Suppose that \(U = \text{span}(\mathbf{v}_1, \ldots, \mathbf{v}_n)\). Then for any vector \(\mathbf{v} \in U\), there exist scalars \(a_1, \ldots, a_n \in \mathbb{R}\) such that:

\[ \mathbf{v} = a_1\mathbf{v}_1 + a_2\mathbf{v}_2 + \ldots + a_n\mathbf{v}_n \]

Now let’s express each vector in the new list in terms of the given vectors:

  • \(\mathbf{v}_1 - \mathbf{v}_2 = a_1(\mathbf{v}_1 - \mathbf{v}_2)\)

  • \(\mathbf{v}_2 - \mathbf{v}_3 = (a_1 + a_2)(\mathbf{v}_2 - \mathbf{v}_3)\)

  • \(\mathbf{v}_3 - \mathbf{v}_4 = (a_1 + a_2 + a_3)(\mathbf{v}_3 - \mathbf{v}_4)\)

  • \(\ldots\)

  • \(\mathbf{v}_{n-1} - \mathbf{v}_n = (a_1 + a_2 + \ldots + a_{n-1})(\mathbf{v}_{n-1} - \mathbf{v}_n)\)

Adding up all these expressions, we get:

\[ \mathbf{v} = a_1(\mathbf{v}_1 - \mathbf{v}_2) + (a_1 + a_2)(\mathbf{v}2 - \mathbf{v}3) + \ldots + (a_1 + a_2 + \ldots + a_{n-1})(\mathbf{v}_{n-1} - \mathbf{v}_n) + a_n\mathbf{v}_n \]

This shows that \(\mathbf{v}\) can be expressed as a linear combination of the vectors in the new list, which means that the new list also spans \(U\).
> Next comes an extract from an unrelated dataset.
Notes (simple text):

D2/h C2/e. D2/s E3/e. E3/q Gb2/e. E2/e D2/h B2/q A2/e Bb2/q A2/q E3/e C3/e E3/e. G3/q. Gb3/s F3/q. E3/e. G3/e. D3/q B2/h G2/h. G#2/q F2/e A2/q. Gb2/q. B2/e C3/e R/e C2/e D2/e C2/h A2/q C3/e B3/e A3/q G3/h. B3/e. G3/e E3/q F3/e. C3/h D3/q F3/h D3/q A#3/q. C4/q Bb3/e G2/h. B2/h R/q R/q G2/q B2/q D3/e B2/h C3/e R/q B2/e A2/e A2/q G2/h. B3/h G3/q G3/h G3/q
Therefore, the list \({\mathbf{v}_1 - \mathbf{v}_2, \mathbf{v}_2 - \mathbf{v}_3, \ldots, \mathbf{v}_{n-1} - \mathbf{v}_n, \mathbf{v}_n}\) spans \(U\), completing the proof.

Explain everything that is wrong with this answer and provide a correct alternative proof. \(\ddagger\)
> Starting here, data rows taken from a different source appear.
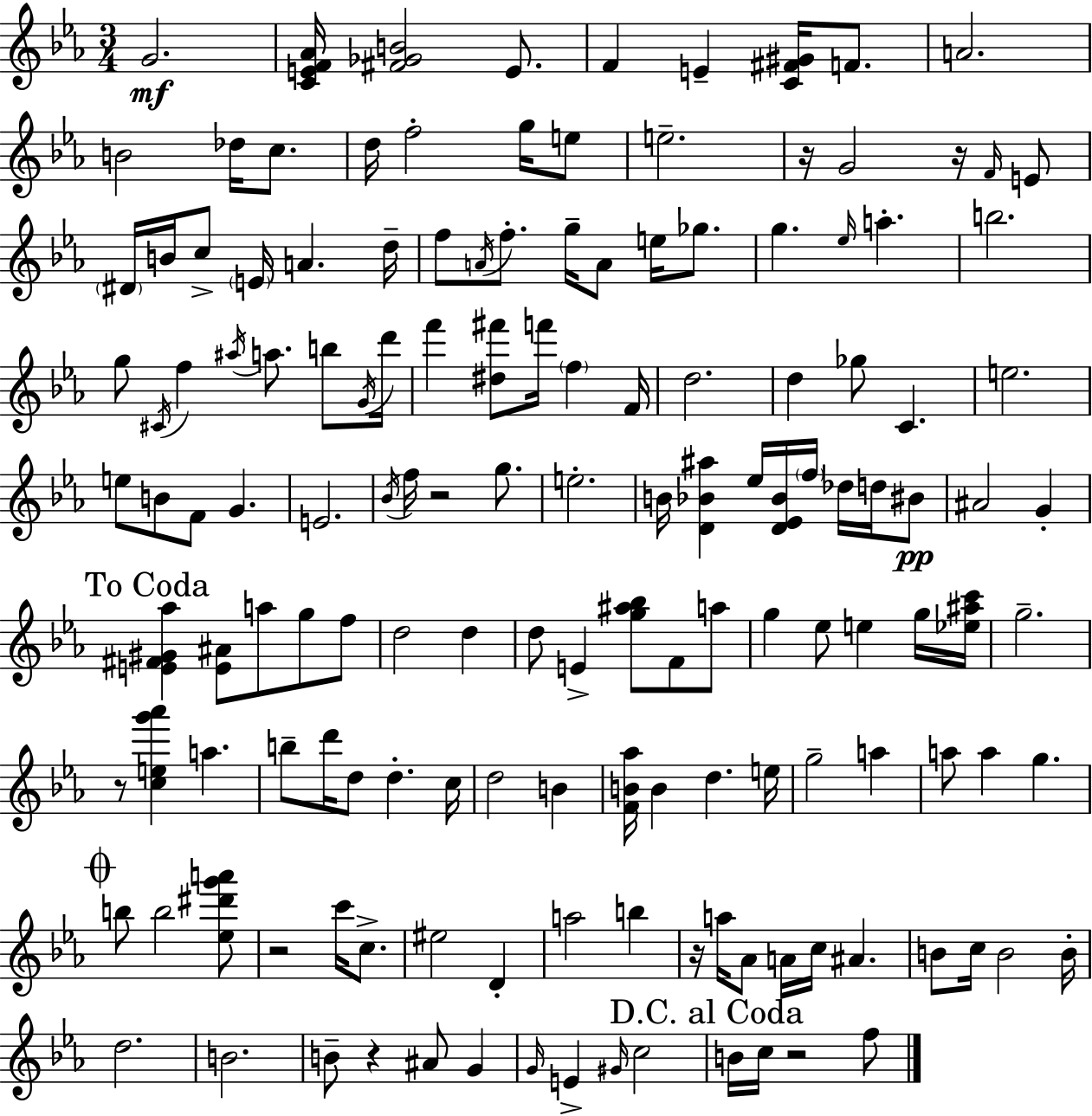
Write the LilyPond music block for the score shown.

{
  \clef treble
  \numericTimeSignature
  \time 3/4
  \key ees \major
  g'2.\mf | <c' e' f' aes'>16 <fis' ges' b'>2 e'8. | f'4 e'4-- <c' fis' gis'>16 f'8. | a'2. | \break b'2 des''16 c''8. | d''16 f''2-. g''16 e''8 | e''2.-- | r16 g'2 r16 \grace { f'16 } e'8 | \break \parenthesize dis'16 b'16 c''8-> \parenthesize e'16 a'4. | d''16-- f''8 \acciaccatura { a'16 } f''8.-. g''16-- a'8 e''16 ges''8. | g''4. \grace { ees''16 } a''4.-. | b''2. | \break g''8 \acciaccatura { cis'16 } f''4 \acciaccatura { ais''16 } a''8. | b''8 \acciaccatura { g'16 } d'''16 f'''4 <dis'' fis'''>8 | f'''16 \parenthesize f''4 f'16 d''2. | d''4 ges''8 | \break c'4. e''2. | e''8 b'8 f'8 | g'4. e'2. | \acciaccatura { bes'16 } f''16 r2 | \break g''8. e''2.-. | b'16 <d' bes' ais''>4 | ees''16 <d' ees' bes'>16 \parenthesize f''16 des''16 d''16 bis'8\pp ais'2 | g'4-. \mark "To Coda" <e' fis' gis' aes''>4 <e' ais'>8 | \break a''8 g''8 f''8 d''2 | d''4 d''8 e'4-> | <g'' ais'' bes''>8 f'8 a''8 g''4 ees''8 | e''4 g''16 <ees'' ais'' c'''>16 g''2.-- | \break r8 <c'' e'' g''' aes'''>4 | a''4. b''8-- d'''16 d''8 | d''4.-. c''16 d''2 | b'4 <f' b' aes''>16 b'4 | \break d''4. e''16 g''2-- | a''4 a''8 a''4 | g''4. \mark \markup { \musicglyph "scripts.coda" } b''8 b''2 | <ees'' dis''' g''' a'''>8 r2 | \break c'''16 c''8.-> eis''2 | d'4-. a''2 | b''4 r16 a''16 aes'8 a'16 | c''16 ais'4. b'8 c''16 b'2 | \break b'16-. d''2. | b'2. | b'8-- r4 | ais'8 g'4 \grace { g'16 } e'4-> | \break \grace { gis'16 } c''2 \mark "D.C. al Coda" b'16 c''16 r2 | f''8 \bar "|."
}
In matrix form, we talk about the column space of a (not necessarily square) matrix.

DEFINITION (Column Space) Let \(A \in \mathbb{R}^{n\times m}\) be an \(n\times m\) matrix with columns \(\mathbf{a}_1,\ldots, \mathbf{a}_m \in \mathbb{R}^n\). The column space of \(A\), denoted \(\mathrm{col}(A)\), is the span of the columns of \(A\), that is, \(\mathrm{col}(A) = \mathrm{span}(\mathbf{a}_1,\ldots, \mathbf{a}_m)\). \(\natural\)

When thinking of \(A\) as a linear map, the column space is often referred to as the range or image.
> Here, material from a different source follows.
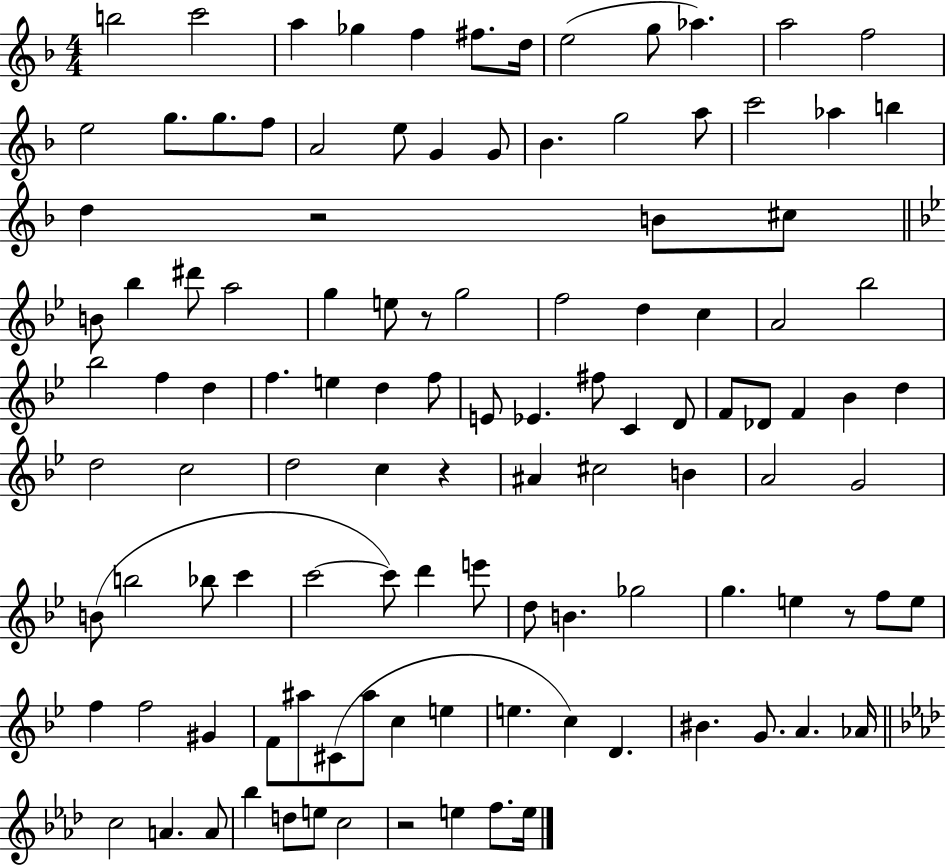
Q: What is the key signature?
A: F major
We will need another important linear subspace defined in terms of a matrix. This one is defined implicitly in terms of the given matrix.

DEFINITION (Null Space) Let \(B \in \mathbb{R}^{n \times m}\). The null space of \(B\) is the linear subspace

\[ \mathrm{null}(B) = \left\{\mathbf{x} \in \mathbb{R}^m\,:\, B\mathbf{x} = \mathbf{0}\right\}. \]

\(\natural\)

It can be shown that the null space is a linear subspace. We give a simple example next.

EXAMPLE: (continued) Going back to the linear subspace \(P = \{(x,y,z)^T \in \mathbb{R}^3 : z = x + y\}\), the condition in the definition can be re-written as \(x + y - z = 0\). Hence \(P = \mathrm{null}(B)\) for the single-row matrix \(B = \begin{pmatrix} 1 & 1 & - 1\end{pmatrix}\). \(\lhd\)

2.2.2. Linear independence and bases#

It is often desirable to avoid redundancy in the description of a linear subspace.

We start with an example.

EXAMPLE: Consider the linear subspace \(\mathrm{span}(\mathbf{w}_1,\mathbf{w}_2,\mathbf{w}_3)\), where \(\mathbf{w}_1 = (1,0,1)\), \(\mathbf{w}_2 = (0,1,1)\), and \(\mathbf{w}_3 = (1,-1,0)\). We claim that

\[ \mathrm{span}(\mathbf{w}_1,\mathbf{w}_2,\mathbf{w}_3) = \mathrm{span}(\mathbf{w}_1,\mathbf{w_2}). \]

Recall that to prove an equality between sets, it suffices to prove inclusion in both directions.

First, it is immediate by definition of the span that

\[ \mathrm{span}(\mathbf{w}_1,\mathbf{w}_2) \subseteq \mathrm{span}(\mathbf{w}_1,\mathbf{w}_2,\mathbf{w}_3). \]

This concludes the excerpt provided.